In non-pregnant women, if ≥ 3 (or one severe) symptoms of cystitis, and no vaginal discharge, treat empirically without further test

midstream urine

  • dipstick test
    • use in non-pregnant women <65 years with less than three symptoms. A negative dipstick reduces probability of UTI to <20%. Do not use in pregnant women. Limited data for men.
    • nitrites (urinary bacteria reduces nitrites to nitrates)
    • leucocytes
    • protein
    • blood
  • microscopy, culture and sensitivity
    • >=10(5)colonies/mL indicates a significant bacteriuria, but in the presence of UTI symptoms, the threshold is lower, in women (>10(2)/mL) and in men(>10(5)/mL).
    • Use in pregnant women, men, children, and if fail to respond to empirical antibiotics.
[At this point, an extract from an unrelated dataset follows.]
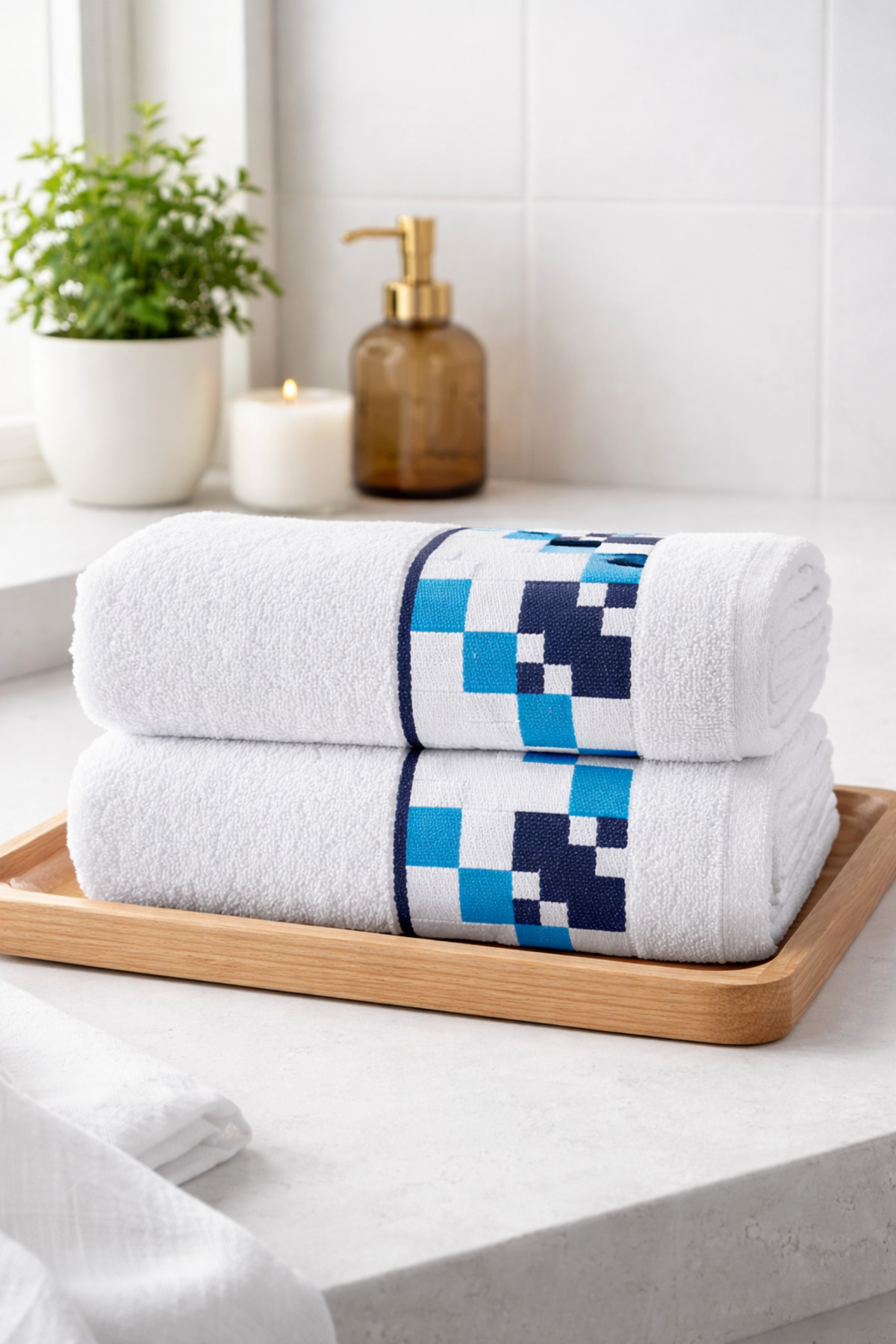 100%Cotton Jacquard White 2-Piece Hand , Face and Head Towel 55x110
Catheterized sample only if septic.
  • if sterile pyuria (pus cells with no organisms) - consider if may be partially treated UTI, TB stones, tumour, interstitial nephritis or renal papillary necrosis

blood - only if systemically unwell (FBC, UE, CRP, blood culture - positive in only 10–25% of pyelonephritis. consider fasting glucose)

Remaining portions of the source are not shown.